The Dominican Sisters of Peace, the Sisters of Loretto and the Sisters of Charity of Nazareth, all in an environmentally sensitive rural area an hour south of Louisville, joined environmental advocates and individual landowners in a campaign earlier this year to protect property rights. The coalition worked with the Kentucky legislature to enact a law that prevents pipeline companies from using eminent domain to secure rights of way when property owners do not want to sell those rights.
In December the religious congregations released a statement on energy usage and conservation. Titled “An Energy Vision from the Heart of Kentucky’s ‘Holy Land,’” more than 130 faith-based organizations and 1,000 individuals have since signed on.
Representatives of Williams and Boardwalk Pipeline Partners, the developers, said in late April in a posting on a website touting the project that the companies are “exercising capital discipline and not investing additional capital at this time.”

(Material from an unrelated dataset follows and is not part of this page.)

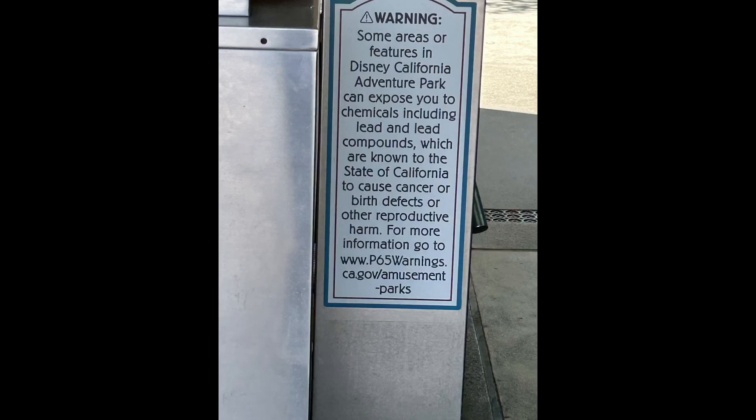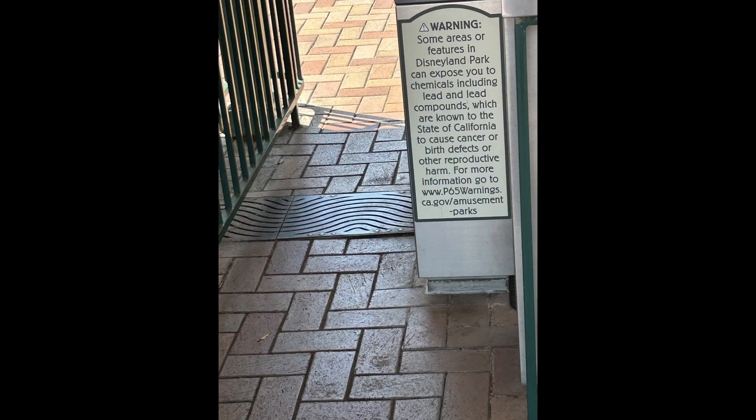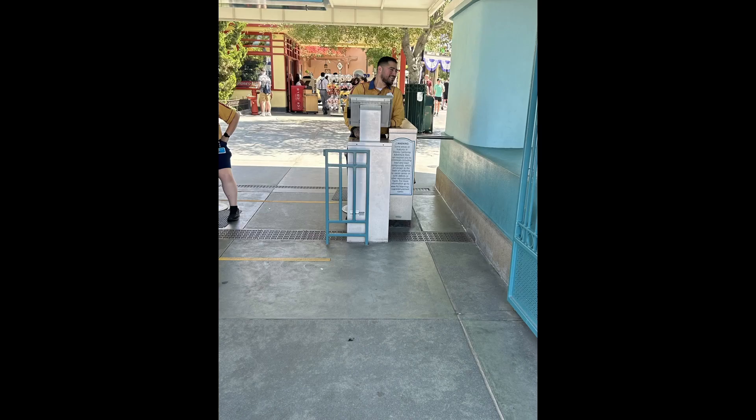Have you guys seen the signs outside of Disneyland and California Adventure which say that you can be exposed to lead? Isn't that crazy that a big company like Disney would risk being sued because they have lead-tainted objects on property? So here's what you can do to avoid them.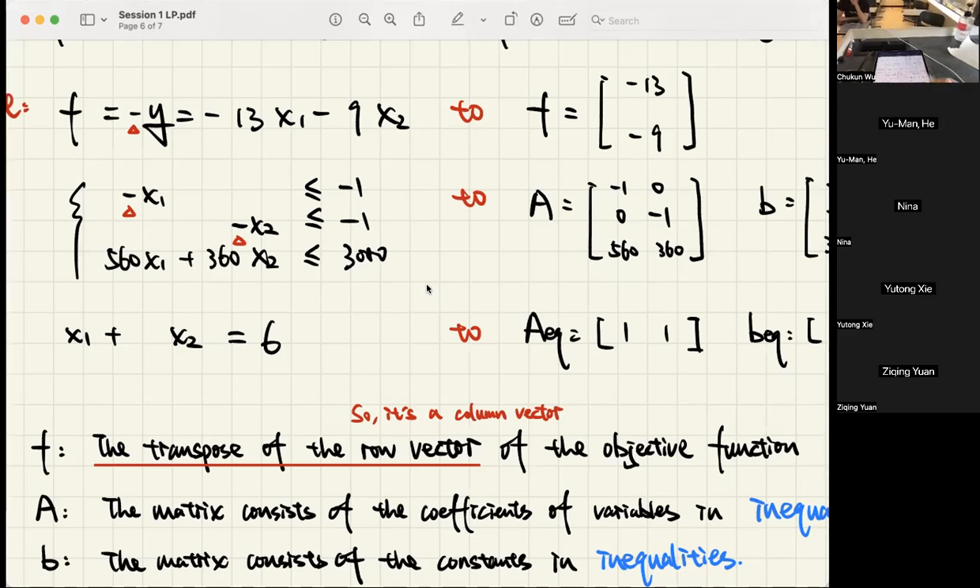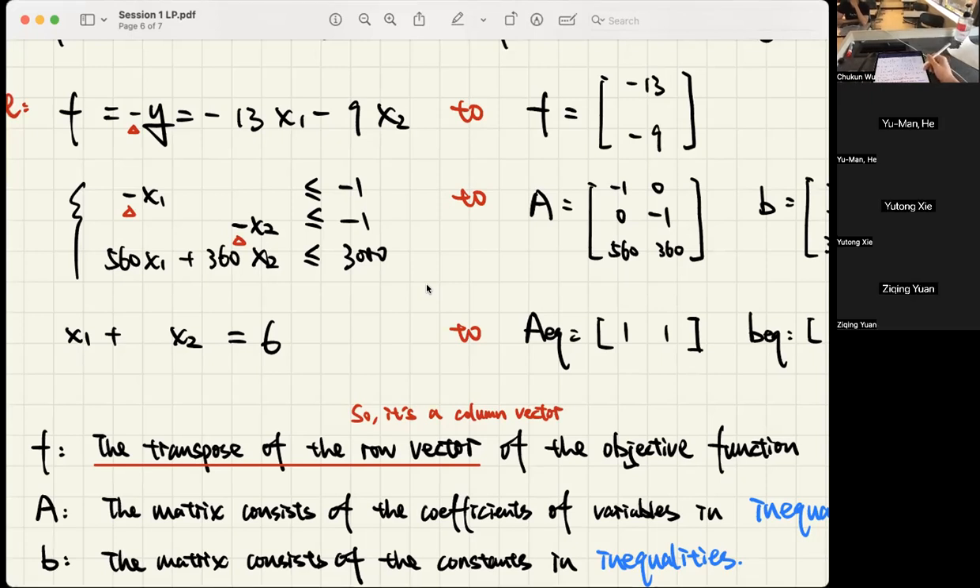f is the transpose of the row vector of the objective function. B is the matrix of constants from the constraint inequalities, so we place the values there. For the equality constraint, it's just 6. In your videos or math competition papers, you also need to make a notation table like this.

The posting indicated that potential customers are looking at other sources to move natural gas liquids, or NGLs. The statement did not mention the grassroots outcry against the pipeline in Kentucky. There has been little, if any, opposition to the project in Ohio and Pennsylvania, where the natural gas and NGLs are being tapped from deep shale formations through a complex procedure known as hydraulic fracturing.
Catholic News Service first wrote about the Bluegrass Pipeline in September.